|
KARL MARX
1844 ELYAZMALARI
Ekonomi Politik ve Felsefe
SUNUŞ
E. BOTTIGELLI
Marx'ın 1844 yılında Paris'te
kaleme aldığı Elyazmaları kadar didiklenmiş, öylesine çeşitli yorumlara
konu olmuş, öylesine tartışmalara yolaçmış bir metin, ender bulunur. Bu
metinde ya Marx'ın düşüncesinin özü görülmek istenmiş, ya da olgunluk
yapıtları ile çeliştiği için önemi yadsınmıştır.
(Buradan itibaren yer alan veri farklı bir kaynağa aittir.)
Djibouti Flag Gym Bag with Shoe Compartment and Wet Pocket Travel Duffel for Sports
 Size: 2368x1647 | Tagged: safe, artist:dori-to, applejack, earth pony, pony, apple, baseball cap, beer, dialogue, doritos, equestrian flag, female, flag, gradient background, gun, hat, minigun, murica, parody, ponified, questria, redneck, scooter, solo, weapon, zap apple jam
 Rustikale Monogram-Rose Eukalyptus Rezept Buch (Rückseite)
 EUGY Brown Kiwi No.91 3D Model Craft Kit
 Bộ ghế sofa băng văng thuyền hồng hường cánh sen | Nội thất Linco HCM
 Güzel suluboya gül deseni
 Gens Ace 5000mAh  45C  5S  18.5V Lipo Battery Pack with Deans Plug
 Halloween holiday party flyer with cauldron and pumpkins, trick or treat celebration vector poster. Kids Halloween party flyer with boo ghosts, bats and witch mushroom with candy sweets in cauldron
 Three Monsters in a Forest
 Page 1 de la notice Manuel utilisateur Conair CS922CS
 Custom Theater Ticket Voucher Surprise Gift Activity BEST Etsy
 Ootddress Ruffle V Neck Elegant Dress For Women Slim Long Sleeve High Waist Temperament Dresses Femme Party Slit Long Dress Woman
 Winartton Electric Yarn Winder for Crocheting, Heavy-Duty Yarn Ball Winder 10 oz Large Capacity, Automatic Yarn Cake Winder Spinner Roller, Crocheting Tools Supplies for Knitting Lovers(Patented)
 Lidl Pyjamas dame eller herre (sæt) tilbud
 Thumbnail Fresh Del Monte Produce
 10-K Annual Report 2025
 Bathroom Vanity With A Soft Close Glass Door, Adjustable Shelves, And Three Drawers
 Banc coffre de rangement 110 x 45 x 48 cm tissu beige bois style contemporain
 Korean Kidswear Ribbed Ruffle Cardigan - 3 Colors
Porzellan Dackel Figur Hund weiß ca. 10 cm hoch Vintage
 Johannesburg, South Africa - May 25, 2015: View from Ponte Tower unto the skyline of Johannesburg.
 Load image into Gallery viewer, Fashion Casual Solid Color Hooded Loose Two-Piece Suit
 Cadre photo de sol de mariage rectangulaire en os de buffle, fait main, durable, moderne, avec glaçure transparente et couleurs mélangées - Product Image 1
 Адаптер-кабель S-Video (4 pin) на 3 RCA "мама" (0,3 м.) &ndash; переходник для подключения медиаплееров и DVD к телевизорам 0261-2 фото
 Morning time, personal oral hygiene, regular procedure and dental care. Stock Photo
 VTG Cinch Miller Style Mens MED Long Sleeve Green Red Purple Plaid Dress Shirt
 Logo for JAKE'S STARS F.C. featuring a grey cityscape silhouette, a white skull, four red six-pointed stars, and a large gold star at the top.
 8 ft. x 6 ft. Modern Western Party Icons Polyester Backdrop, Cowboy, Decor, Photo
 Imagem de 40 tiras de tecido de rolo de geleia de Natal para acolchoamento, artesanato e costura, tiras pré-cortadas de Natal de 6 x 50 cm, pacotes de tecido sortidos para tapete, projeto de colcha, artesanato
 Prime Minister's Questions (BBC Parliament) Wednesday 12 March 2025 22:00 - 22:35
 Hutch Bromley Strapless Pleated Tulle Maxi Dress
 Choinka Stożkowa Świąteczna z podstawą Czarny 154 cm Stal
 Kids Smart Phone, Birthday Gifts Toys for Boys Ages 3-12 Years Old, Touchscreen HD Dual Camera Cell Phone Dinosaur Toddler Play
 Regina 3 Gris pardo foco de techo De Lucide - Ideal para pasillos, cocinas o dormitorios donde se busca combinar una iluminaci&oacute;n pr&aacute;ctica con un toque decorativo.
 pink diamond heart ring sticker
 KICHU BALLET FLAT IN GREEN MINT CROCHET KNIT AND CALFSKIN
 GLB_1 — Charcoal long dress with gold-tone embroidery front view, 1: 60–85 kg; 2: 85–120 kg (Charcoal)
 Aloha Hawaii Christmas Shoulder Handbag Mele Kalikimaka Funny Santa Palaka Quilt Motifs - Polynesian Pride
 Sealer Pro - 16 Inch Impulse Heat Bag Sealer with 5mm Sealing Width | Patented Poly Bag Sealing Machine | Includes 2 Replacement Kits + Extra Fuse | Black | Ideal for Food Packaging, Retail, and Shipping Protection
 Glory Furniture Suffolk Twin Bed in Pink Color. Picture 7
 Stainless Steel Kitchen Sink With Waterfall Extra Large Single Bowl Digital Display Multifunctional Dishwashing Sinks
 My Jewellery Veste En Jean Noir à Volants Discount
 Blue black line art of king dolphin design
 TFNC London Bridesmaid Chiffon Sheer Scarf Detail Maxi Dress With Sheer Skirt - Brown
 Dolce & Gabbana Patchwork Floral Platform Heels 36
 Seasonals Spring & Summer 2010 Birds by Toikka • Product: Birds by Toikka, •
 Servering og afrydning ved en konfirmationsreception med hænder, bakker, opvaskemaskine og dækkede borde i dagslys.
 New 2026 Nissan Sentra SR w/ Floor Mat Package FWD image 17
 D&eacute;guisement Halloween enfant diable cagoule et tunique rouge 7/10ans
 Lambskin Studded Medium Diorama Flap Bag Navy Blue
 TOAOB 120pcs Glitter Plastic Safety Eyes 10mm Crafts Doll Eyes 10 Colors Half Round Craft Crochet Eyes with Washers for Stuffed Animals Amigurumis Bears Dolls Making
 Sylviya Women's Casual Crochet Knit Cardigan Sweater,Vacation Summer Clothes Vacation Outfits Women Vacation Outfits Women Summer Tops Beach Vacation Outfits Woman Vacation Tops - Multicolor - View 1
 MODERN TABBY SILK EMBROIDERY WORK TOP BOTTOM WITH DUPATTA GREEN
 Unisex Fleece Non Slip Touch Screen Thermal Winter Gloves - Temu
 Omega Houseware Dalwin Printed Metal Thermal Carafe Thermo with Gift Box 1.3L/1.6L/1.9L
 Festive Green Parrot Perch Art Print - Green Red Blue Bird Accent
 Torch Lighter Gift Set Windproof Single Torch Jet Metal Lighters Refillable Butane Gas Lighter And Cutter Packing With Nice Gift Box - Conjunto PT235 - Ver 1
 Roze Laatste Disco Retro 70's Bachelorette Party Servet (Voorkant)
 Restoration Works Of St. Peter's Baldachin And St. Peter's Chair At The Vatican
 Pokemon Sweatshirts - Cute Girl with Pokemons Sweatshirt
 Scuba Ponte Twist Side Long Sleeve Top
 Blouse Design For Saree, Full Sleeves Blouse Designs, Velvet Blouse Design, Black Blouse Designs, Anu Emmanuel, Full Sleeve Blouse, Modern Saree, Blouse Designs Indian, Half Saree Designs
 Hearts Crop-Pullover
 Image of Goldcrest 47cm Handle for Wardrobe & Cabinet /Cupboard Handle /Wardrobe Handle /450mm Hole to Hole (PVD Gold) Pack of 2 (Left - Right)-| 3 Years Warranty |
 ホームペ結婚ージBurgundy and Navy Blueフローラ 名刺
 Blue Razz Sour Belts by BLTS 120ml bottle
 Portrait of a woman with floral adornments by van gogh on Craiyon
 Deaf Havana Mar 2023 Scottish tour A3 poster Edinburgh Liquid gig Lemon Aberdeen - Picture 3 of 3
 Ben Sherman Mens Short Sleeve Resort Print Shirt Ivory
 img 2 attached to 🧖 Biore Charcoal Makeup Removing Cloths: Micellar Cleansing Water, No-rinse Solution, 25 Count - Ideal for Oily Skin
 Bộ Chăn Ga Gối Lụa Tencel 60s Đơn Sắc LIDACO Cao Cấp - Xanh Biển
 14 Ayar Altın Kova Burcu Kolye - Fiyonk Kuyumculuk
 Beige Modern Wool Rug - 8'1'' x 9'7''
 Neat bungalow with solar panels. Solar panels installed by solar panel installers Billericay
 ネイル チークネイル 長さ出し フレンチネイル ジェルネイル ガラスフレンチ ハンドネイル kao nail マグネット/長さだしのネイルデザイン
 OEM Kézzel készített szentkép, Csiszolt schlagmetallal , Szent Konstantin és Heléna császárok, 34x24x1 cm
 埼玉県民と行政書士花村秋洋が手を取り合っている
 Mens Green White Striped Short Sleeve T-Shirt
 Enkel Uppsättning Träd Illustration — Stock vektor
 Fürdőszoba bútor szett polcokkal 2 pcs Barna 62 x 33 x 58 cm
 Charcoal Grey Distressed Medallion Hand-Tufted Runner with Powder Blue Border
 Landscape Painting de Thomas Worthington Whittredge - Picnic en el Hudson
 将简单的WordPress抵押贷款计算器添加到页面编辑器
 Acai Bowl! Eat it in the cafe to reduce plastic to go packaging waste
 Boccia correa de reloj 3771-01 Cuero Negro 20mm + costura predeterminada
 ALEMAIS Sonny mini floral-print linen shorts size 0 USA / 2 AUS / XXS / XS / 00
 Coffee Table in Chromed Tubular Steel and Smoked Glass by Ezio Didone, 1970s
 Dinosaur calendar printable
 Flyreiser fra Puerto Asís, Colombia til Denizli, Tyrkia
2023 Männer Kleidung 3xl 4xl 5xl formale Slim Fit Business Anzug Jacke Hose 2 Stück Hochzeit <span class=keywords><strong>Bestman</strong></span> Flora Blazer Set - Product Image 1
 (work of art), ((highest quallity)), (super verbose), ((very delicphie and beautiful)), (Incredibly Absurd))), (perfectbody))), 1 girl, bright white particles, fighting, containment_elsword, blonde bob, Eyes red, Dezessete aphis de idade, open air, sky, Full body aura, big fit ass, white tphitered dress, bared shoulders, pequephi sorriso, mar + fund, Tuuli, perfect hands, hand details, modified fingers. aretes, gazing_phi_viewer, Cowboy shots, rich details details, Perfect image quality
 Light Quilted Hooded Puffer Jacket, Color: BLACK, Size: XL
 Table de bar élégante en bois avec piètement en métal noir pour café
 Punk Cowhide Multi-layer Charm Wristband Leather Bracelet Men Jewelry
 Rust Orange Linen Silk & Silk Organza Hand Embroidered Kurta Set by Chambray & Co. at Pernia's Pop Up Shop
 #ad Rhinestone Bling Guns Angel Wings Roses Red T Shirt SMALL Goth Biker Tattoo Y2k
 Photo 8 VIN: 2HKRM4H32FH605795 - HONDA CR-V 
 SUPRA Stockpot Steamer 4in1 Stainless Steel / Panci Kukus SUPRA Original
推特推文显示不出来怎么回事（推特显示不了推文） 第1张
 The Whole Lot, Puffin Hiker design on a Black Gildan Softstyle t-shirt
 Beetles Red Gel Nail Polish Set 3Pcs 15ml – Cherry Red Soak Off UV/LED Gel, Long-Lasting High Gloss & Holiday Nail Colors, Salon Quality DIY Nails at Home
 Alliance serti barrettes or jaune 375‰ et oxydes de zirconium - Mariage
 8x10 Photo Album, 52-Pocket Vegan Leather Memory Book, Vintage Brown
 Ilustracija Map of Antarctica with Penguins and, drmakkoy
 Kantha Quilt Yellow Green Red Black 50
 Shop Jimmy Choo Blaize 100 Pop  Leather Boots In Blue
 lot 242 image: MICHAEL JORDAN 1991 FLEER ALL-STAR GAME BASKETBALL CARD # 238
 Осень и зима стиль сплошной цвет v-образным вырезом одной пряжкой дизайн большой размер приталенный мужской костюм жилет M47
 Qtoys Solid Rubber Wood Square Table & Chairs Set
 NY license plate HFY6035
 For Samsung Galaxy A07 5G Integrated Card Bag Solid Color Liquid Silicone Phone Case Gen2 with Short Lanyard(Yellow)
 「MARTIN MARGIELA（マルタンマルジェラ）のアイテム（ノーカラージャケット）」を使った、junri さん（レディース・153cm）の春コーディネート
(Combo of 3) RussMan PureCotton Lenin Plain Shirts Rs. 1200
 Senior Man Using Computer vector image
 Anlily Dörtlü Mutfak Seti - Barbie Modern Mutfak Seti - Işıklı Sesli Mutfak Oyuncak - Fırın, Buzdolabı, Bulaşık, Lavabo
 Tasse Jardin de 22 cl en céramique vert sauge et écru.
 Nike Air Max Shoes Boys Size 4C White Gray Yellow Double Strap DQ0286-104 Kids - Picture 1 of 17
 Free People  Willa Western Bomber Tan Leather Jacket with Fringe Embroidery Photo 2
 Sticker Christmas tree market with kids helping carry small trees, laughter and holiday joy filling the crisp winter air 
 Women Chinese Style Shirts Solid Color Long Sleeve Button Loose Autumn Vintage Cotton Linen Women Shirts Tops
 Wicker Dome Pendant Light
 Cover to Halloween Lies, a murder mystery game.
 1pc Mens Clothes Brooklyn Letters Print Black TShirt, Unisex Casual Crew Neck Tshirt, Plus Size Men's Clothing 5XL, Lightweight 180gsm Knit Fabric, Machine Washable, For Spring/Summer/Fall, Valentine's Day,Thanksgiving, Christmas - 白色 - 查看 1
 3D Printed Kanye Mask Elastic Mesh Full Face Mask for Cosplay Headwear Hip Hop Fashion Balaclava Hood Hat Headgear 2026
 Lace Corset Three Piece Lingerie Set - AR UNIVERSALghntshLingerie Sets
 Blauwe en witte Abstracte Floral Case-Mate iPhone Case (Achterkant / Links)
Polemikler daha kesin
metin düzenlenmeden önce başlamıştır. Daha Landshut ve Mayer tarafından
yayınlanır yayınlanmaz, henüz okuma yanlışlıkları ile dolu ve kısmi bir
metin sözkonusu olduğu halde, Elyazmaları çeşitli yorumlara yolaçmıştır. O
günden bugüne, başka yayınlar da yapıldı. Bununla birlikte, Moskova'daki
Marksizm-Leninizm Enstitüsü, daha bu yıl bile [1962] okuma yanlışlıklarını
düzeltiyordu ve eğer kesin metin düzenlendiyse, bu iş daha yeni oldu.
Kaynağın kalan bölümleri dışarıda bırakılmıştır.